It’s time for some Gamer Theory: Luka Doncic plays Overwatch, and is in the 99th percentile of performance. This might not mean anything to you—well, uh, he’s in the 100th percentile of NBA basketball, you might say, and this is what makes him worth a billion dollars. That’s true. But it’s important to understand that he’s elite, also, at putting on a headset, pretending to be a futuristic gladiator, and committing imaginary, hyper-vivid murders before talking trash to teenagers. If you play this game, or have a young cousin who does (more than 20 million people are on there), it’s possible that one of you has experienced a competitive death similar to what the Minnesota Timberwolves just did, and maybe at the hands of the exact same 25 year old.

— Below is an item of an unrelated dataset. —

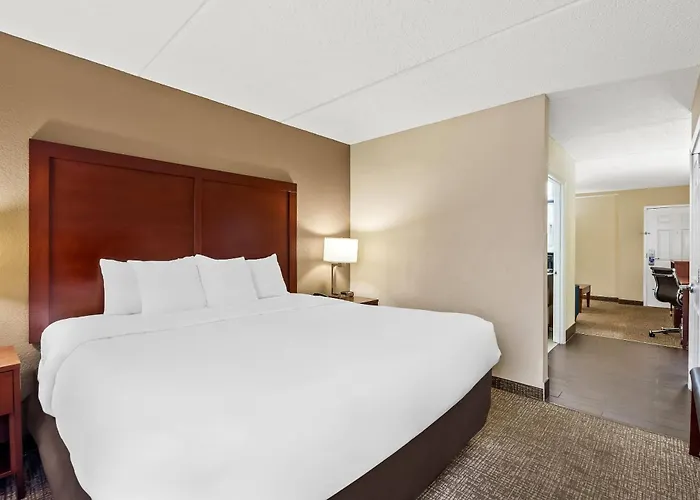 Comfort Inn & Suites Panama City - St Andrew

In both cases, denial is likely. “I still don’t feel like they can beat us bro,” Anthony Edwards said, after his Wolves fell behind Doncic’s Dallas Mavericks, 0-3 in the Western Conference Finals. We’ve all talked like that, after having our id rearranged for us by someone who looks like they rolled out of a dormitory bunk bed and cracked open a Mountain Dew for breakfast. In the closing moments of Game 2, Doncic spoke to Rudy Gobert like he’d just done that, and then threw his headset on: “Motherf—er! You can’t f—ing guard me!” he hollered at the gigantic Frenchman, who just won his fourth Defensive Player of The Year trophy. Luka hit a game-winning shot in his face.

There are a few hundred people better than Luka at Overwatch, but there are zero who surpass him at pick-and-roll execution. In this case, a screen got him the optimal switch, and he cooked Gobert on an island to get a comfortable three-pointer, icing the game. Had the Wolves blitzed him, instead, he would’ve found the little hole between Gobert and Jaden McDaniels’ endless arms, hitting the roll man to activate a 4-on-3 scenario that he’s gotten his teammates very used to. Had McDaniels evaded the screen, and stayed on Doncic? Luka could use his girth to knock him back, and get something familiar and smooth out of that too. There are no good options here, if you’re Minnesota. And they’re throwing two of the best defenders alive at him, by the way.

In addition to his PnR mastery, there’s also no better lob thrower. These two facts do not necessarily make him the sport’s best passer—Nikola Jokic, whose distribution of the ball defies strategic convention, inspiring reconsiderations of the elemental table, still holds that honor—but Luka’s algorithmic precision has certainly transformed the athletes around him into their most dangerous selves. Over the course of the season, they’ve fine-tuned their leaping, running, and shooting to the timing of his disbursements, so that his unmatched ability to push the right button at the right time turns every defense into a game he’s played before.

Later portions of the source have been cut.